(Brief descriptive captions)
-------------------------

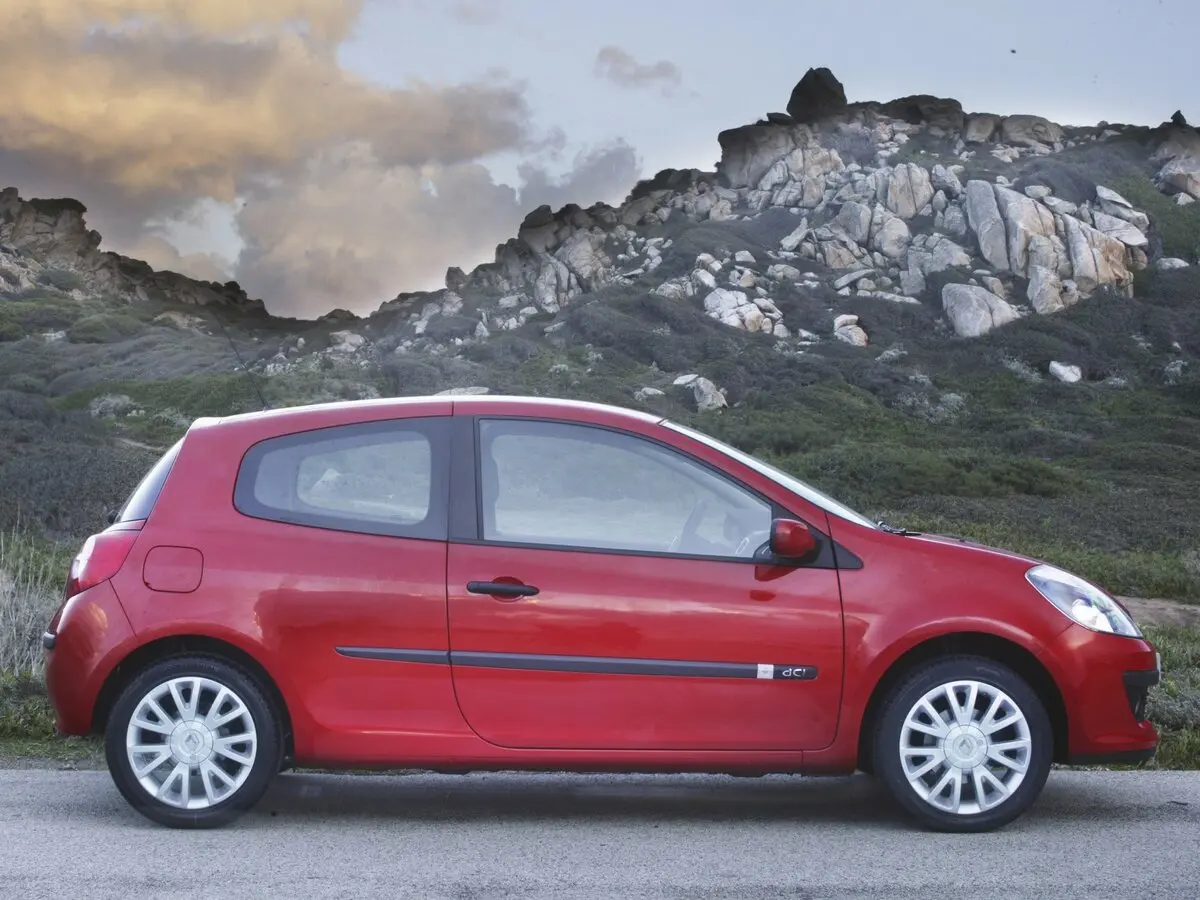 Renault Clio III Хэтчбек 3 дв. — сүрөт 2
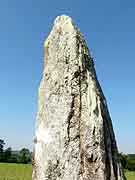 menhir saint-thebault langast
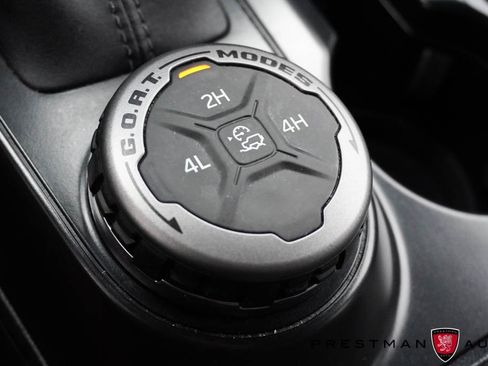 Used 2024 Ford Bronco Outer Banks image 46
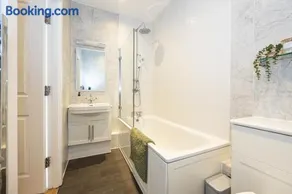 Boutique City Centre Apartment - Image 4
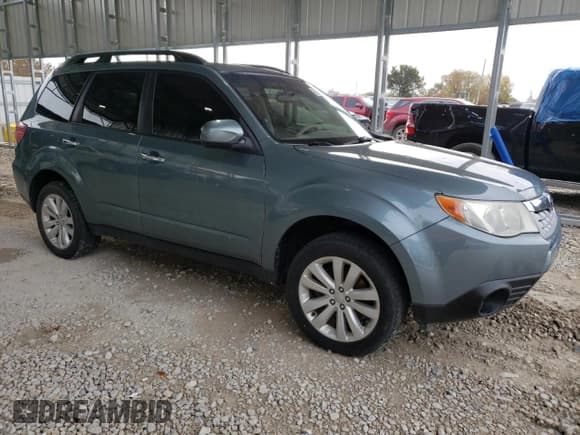 ✅ 2013 Subaru Forester X Premium • VIN: JF2SHADC9DG409995 • Lot: 76339744. Wystawiony na Copart z przebiegiem 121 417 mil. Bezpłatny archiwum sprzedaży aukcyjnych z USA i szczegółowy raport historii pojazdu na DreamBid. Zdjęcie 4.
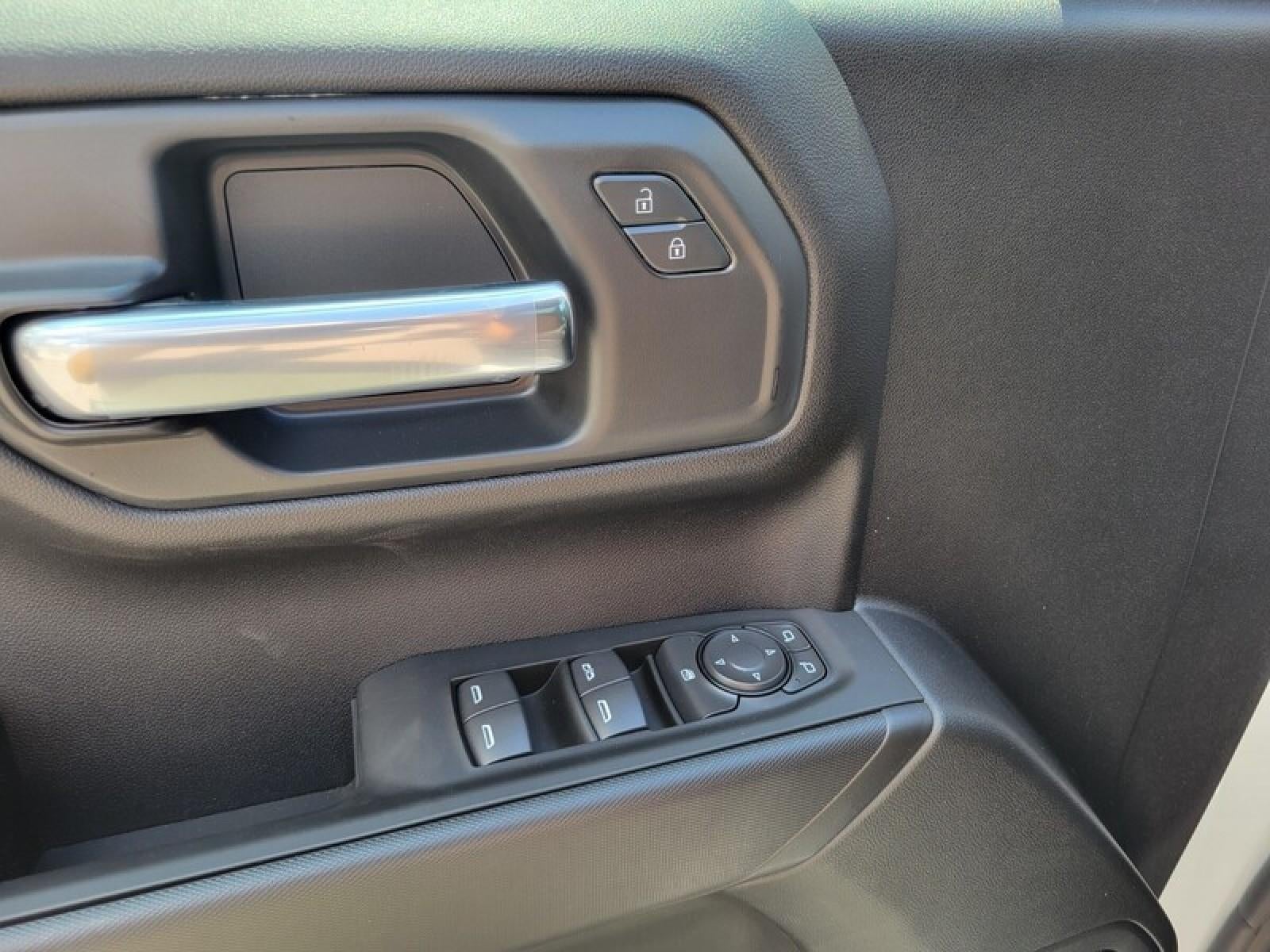 2026 GMC Sierra 1500 Crew Cab Short Box 2-Wheel Drive Pro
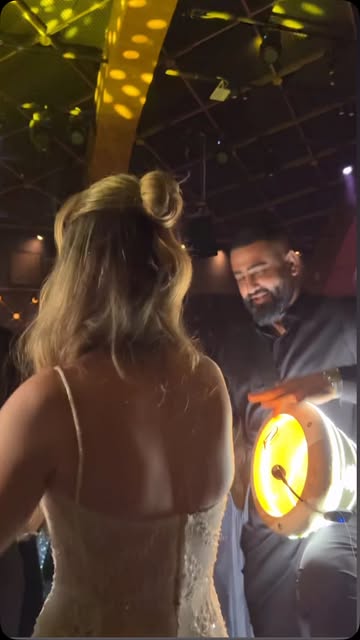 מופע דרבוקות LED ברחבת חתונה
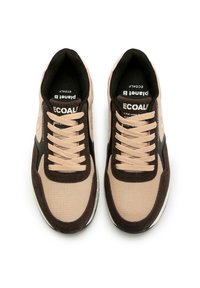 Hnědé a béžové tenisky s síťovaným svrškem a semišovými akcenty, plochými tkaničkami a polstrovanou podrážkou. Branding je viditelný na jazyku.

-------------------------

→ **EXERCISE**: Pictures do not belong in your copy; restate word for word the lines from the one containing "2026 GMC Sierra" through the last line of the records above.

→ **TASK ANSWER**:
 2026 GMC Sierra 1500 Crew Cab Short Box 2-Wheel Drive Pro
 מופע דרבוקות LED ברחבת חתונה
 Hnědé a béžové tenisky s síťovaným svrškem a semišovými akcenty, plochými tkaničkami a polstrovanou podrážkou. Branding je viditelný na jazyku.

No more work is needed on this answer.